** Input follows **
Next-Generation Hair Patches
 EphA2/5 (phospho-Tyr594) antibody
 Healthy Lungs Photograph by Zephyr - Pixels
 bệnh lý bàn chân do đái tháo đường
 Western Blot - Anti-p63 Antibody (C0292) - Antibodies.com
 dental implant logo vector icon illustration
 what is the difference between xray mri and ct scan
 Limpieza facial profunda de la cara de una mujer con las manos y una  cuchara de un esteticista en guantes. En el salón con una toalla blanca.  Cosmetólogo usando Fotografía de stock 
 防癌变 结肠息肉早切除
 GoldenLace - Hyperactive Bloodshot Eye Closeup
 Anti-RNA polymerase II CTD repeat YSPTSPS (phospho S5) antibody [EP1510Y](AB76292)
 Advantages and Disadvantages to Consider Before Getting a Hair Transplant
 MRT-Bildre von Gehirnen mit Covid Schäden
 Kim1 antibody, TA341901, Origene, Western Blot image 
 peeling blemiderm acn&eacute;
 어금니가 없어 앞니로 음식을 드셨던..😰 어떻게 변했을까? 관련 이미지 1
** End of Input **
→ **Work order**: Scan the listing above for the line that has "dental implant logo vector icon illustration", then copy exactly from that line through the line that has "防癌变 结肠息肉早切除".

→ **Response**:
 dental implant logo vector icon illustration
 what is the difference between xray mri and ct scan
 Limpieza facial profunda de la cara de una mujer con las manos y una  cuchara de un esteticista en guantes. En el salón con una toalla blanca.  Cosmetólogo usando Fotografía de stock 
 防癌变 结肠息肉早切除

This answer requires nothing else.